New product lines, as WSJ points out, can take months or years to fully bring to market. As businesses across industries shed excess expenses in recent months, cutting innovation investment (especially for unproven products) makes sense in the short term. However, the cost-saving strategy may be doing more harm than good in the long term, as a lack of new offerings gives consumers little inspiration to buy more than the essentials.

And essentials have been the priority as the cost of living continues to outpace wage growth, meaning that industries relying on discretionary spend are vulnerable. For example, spontaneous clothing purchases seem to be taking a backseat, as noted in PYMNTS’ collaboration with LendingClub, “The Paycheck-to-Paycheck Report: Year in Review.”

consumer purchases

Clothing can fall into both discretionary and essential purchase categories, and the distribution of consumers who recently purchased clothing or accessories tells a story. The highest share in this late summer data does not reside among the most financially stable consumers but among the most precarious: those living paycheck to paycheck with issues paying bills, at 60%. Although it is speculation, one would expect those who do not live paycheck to paycheck to treat clothes as discretionary and those who struggle financial to consider clothes essential; the odds of these consumers making likely essential purchases vastly exceeded the corresponding shares of consumers making likely discretionary purchases. And although this data is from late August 2022, consumer sentiment is not massively changed, with many expecting a recession on the horizon.

Previous PYMNTS research suggests that in the current economic climate, once-loyal customers are turning into agnostic deal-chasers in the name of stretching limited incomes. Without new or innovative products, there may be little extra incentive for consumers to shift this cost-cutting behavior.

This is where the chicken-and-egg metaphor applies. Because sales are slow, merchants and retailers have an inventory overload, leading to markdowns and cost-cutting. This cost-cutting can lead to less product innovation, and in the case of Hanes and Champion, less inventory overall as most retailers and brands focus on meeting the consumer demand for essentials. While savings is the main factor, there may be a secondary driver of consumers not seeing new products, lines or trends to aspire or save to purchase as well. With less inventory and less choice, consumers may be less inclined to shop when they do have extra cash if there’s not much difference between what’s on the rack and what’s already in their closet.

Some retailers and brands have broken out of this cycle by innovating. American Eagle earned its second-highest revenue, for example, in Q4 2022, due to an expansion of its activewear line. The company’s $507 million gross profit increased approximately 4%, from $489 million during the same time the previous year. Other clothing and fashion brands have turned to the beauty sector to introduce new products.
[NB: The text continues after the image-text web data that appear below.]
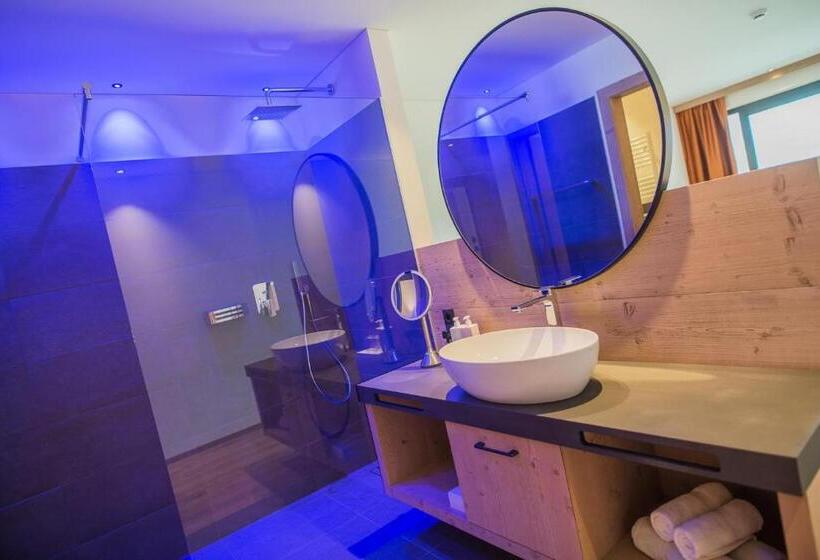 발코니 디럭스 룸, Panorama Hotel Himmelreich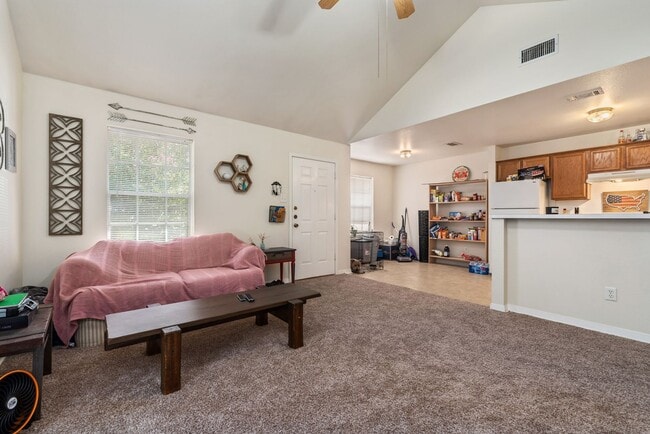 Building Photo - AUGUST PRE-LEASE!!  Cute 2 Bedroom 2 Bathr...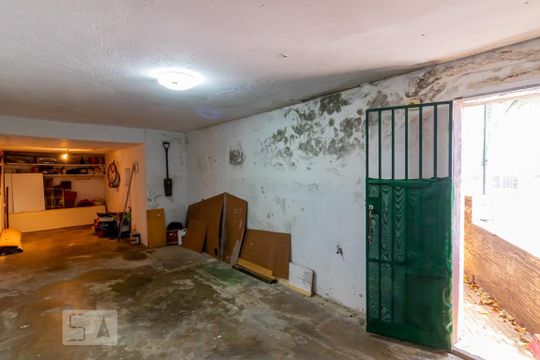 Garagem de casa para alugar com 4 quartos, 180m² em Vila Monumento, São Paulo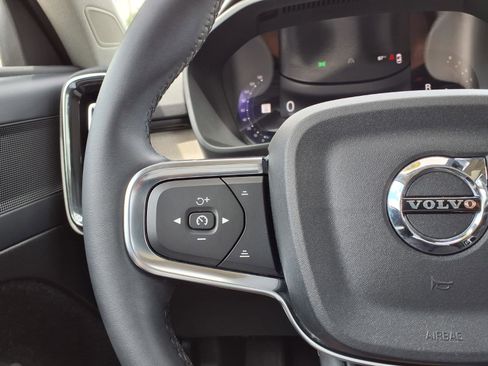 Used 2023 Volvo XC40 B5 Plus AWD/4WD image 30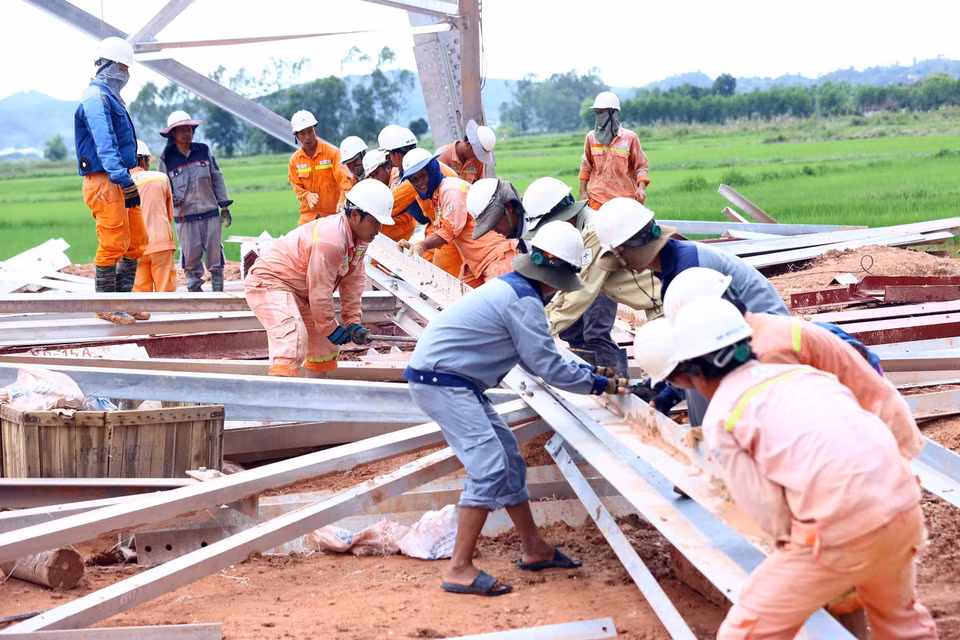 Workers work on the construction at position 360 (Nghi Loc district, Nghe An province) for the Quang Trach - Quynh Luu section. (Photo: VNA)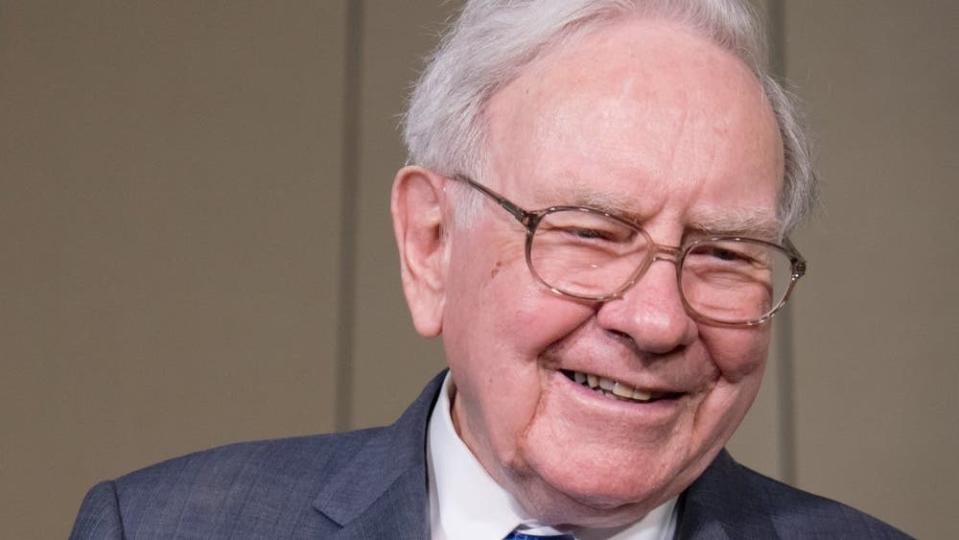 Berkshire Hathaway profite de la crypto malgré la position de Warren Buffet de ne pas acheter même « si tout m’était offert pour 25 $ »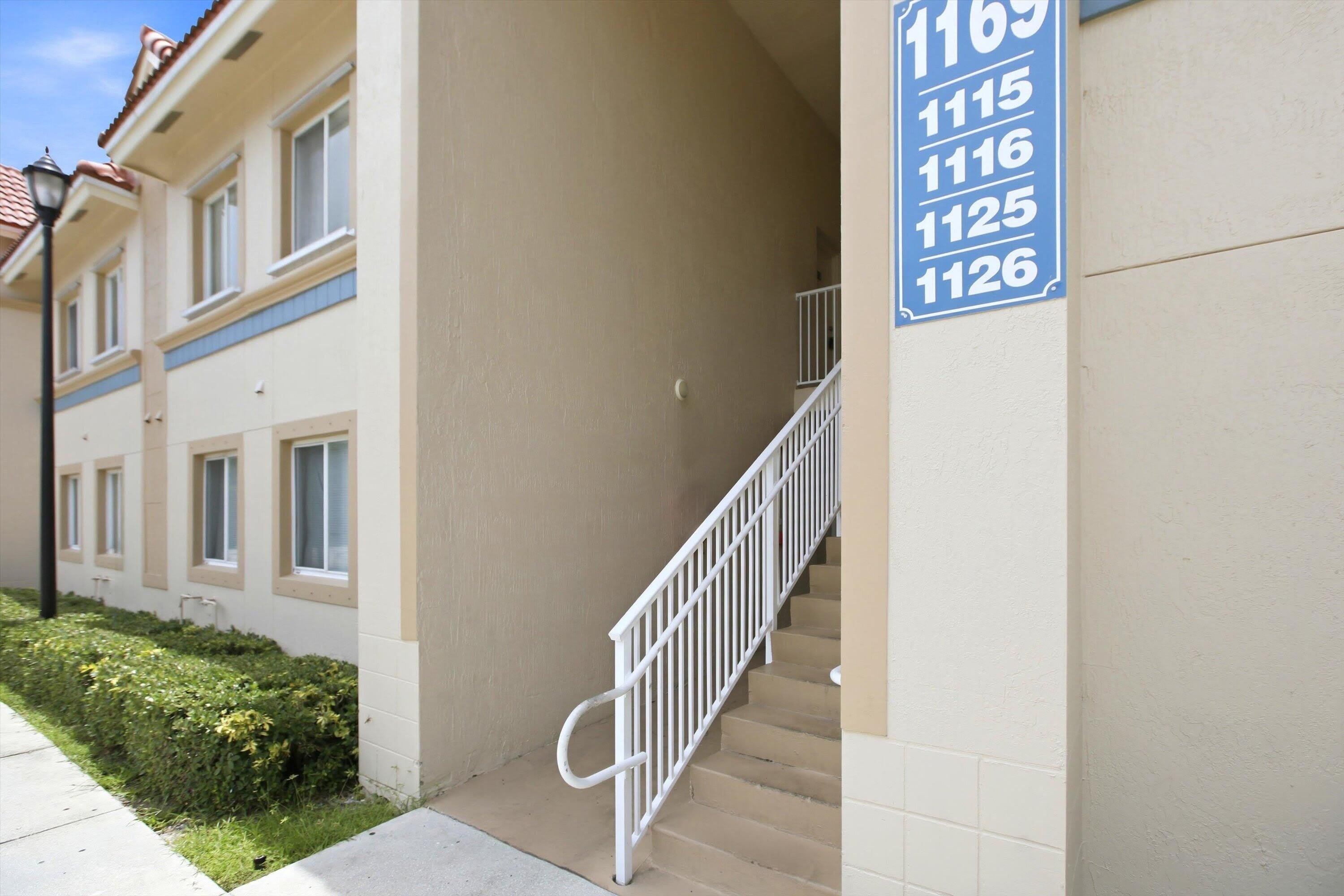 1169 Golden Lakes Boulevard – photo 5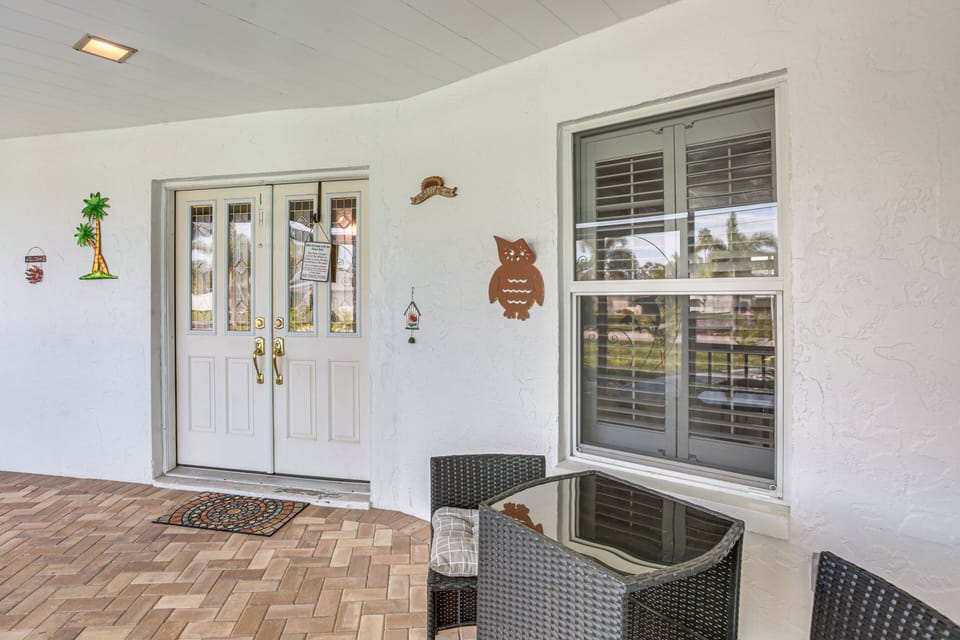 Front Porch | Main Entrance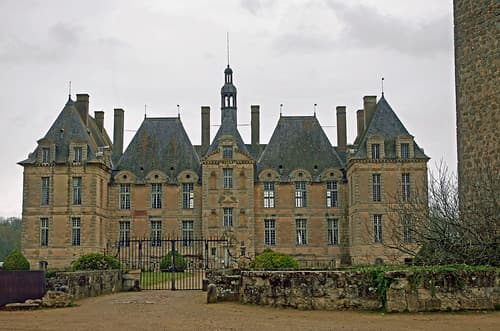 Saint-Loup-sur-Thouet (Deux-Sèvres)
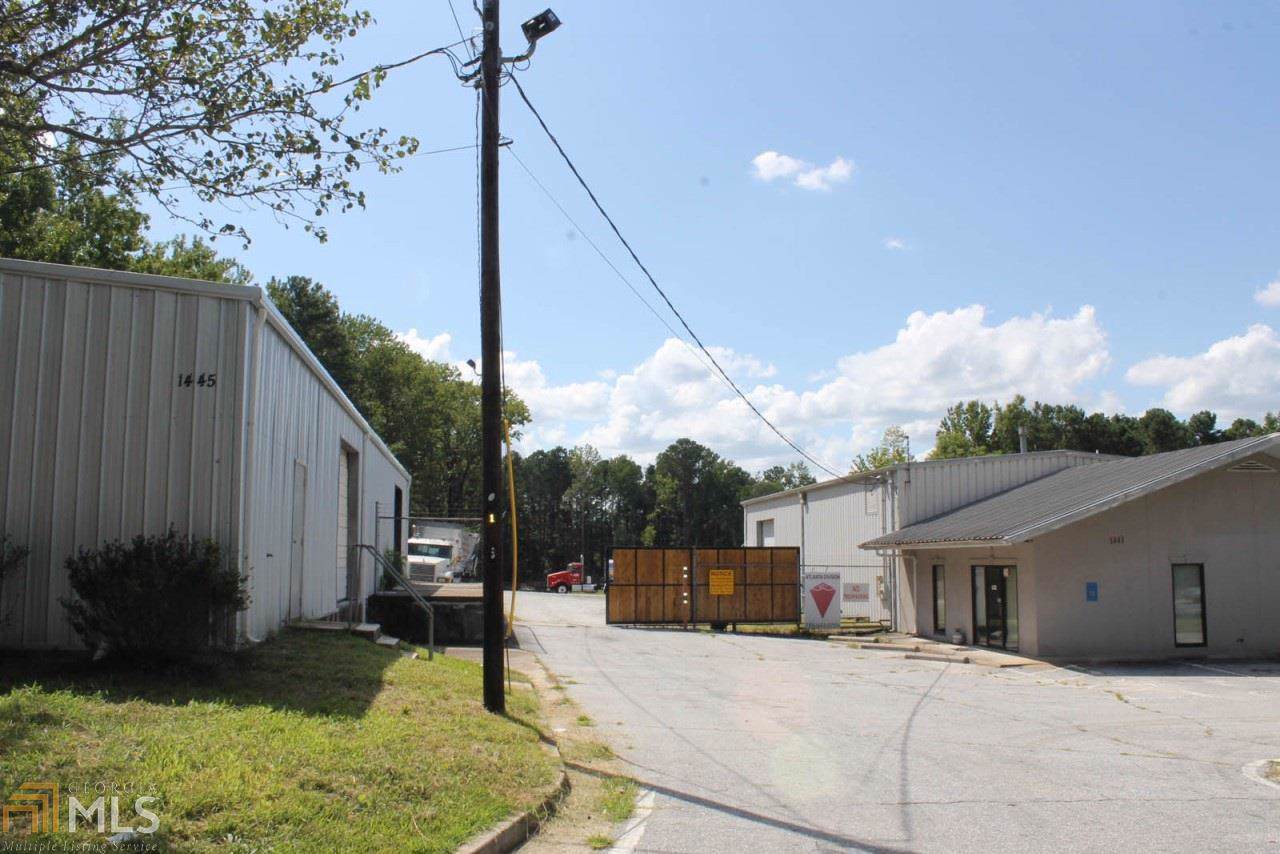 1441 Mcintosh Rd - Photo 1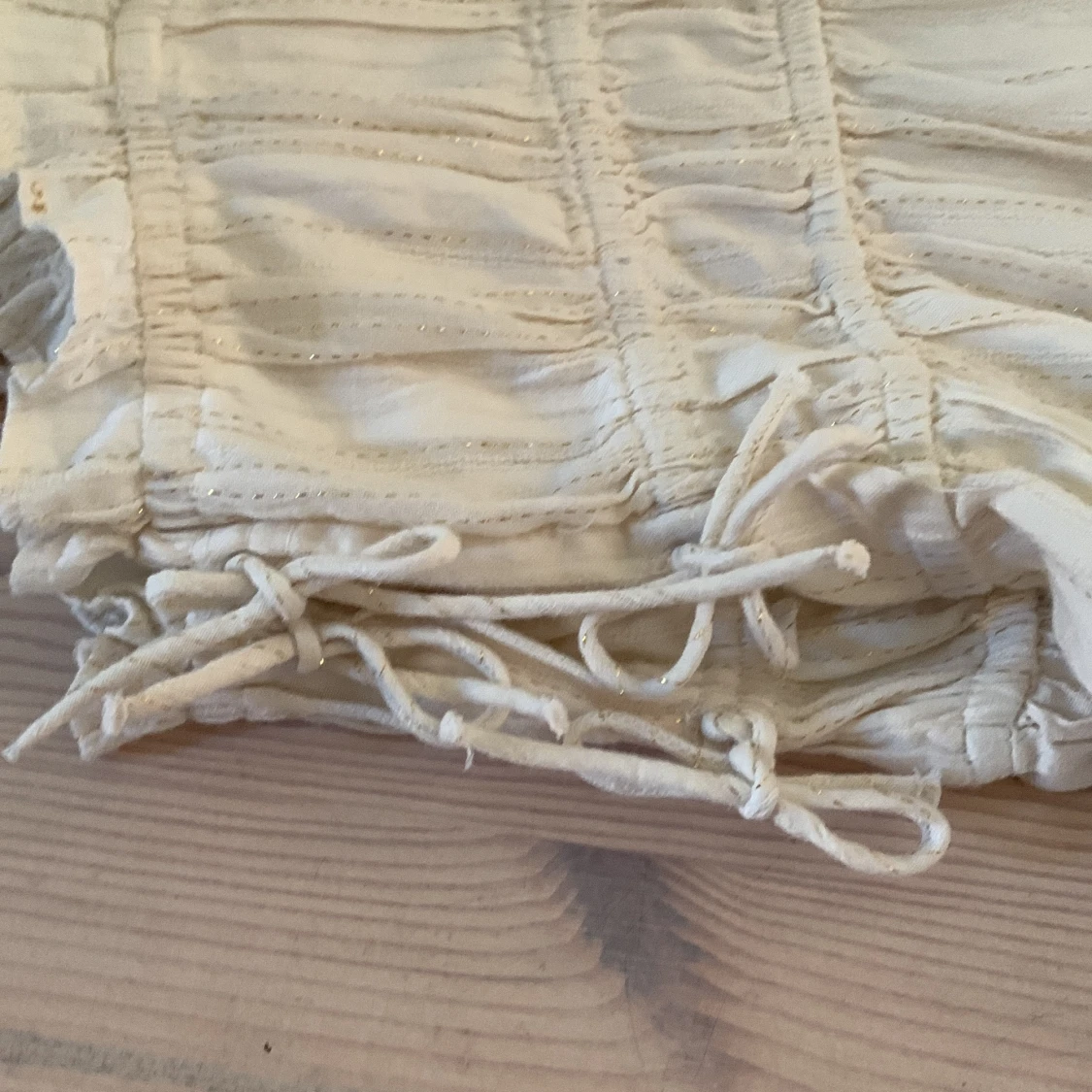 Beige volangtopp med smala axelband från Zara - 4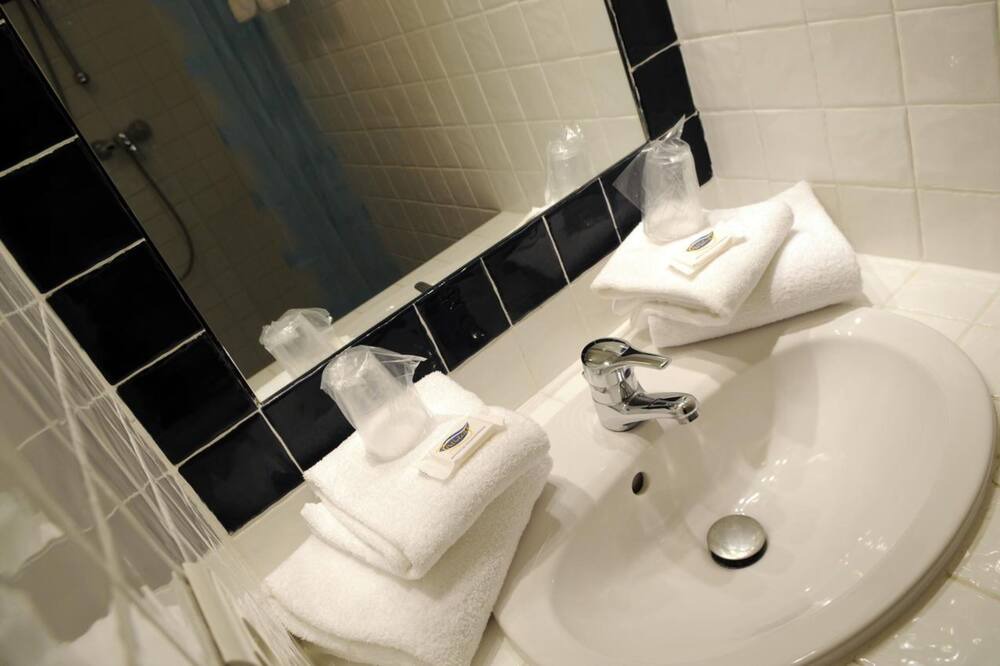 Photo of Bathroom in Ars-en-Re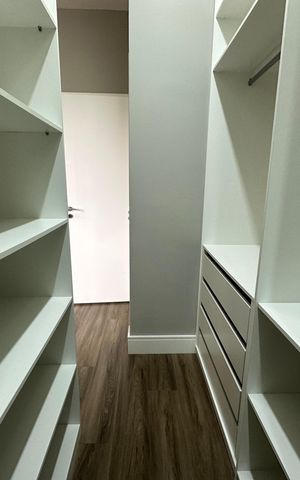 Apartamento à venda com 107m², 2 quartos e 2 vagas Apartamento à venda com 107m², 2 quartos e 2 vagasCloset da suíte 2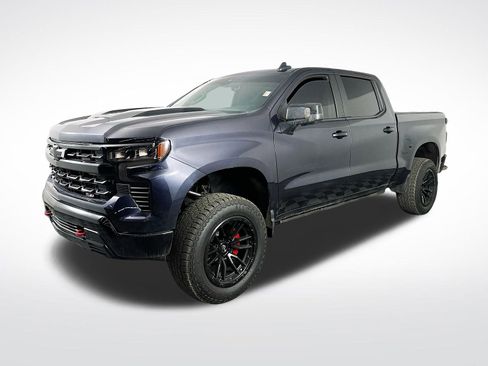Used 2022 Chevrolet Silverado 1500 LT Trail Boss w/ Convenience Package II image 4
H&M recently announced its foray into the beauty industry with the release of a new skincare and body care line aimed at Gen Z customers, while Stella McCartney is launching a sustainable beauty line.

Is a lack of product choice purely to blame for the slump in retail clothing sales? No. But if consumers aren’t offered new products they want, rather than need, retailers may discover that essential clothes are all that shoppers buy.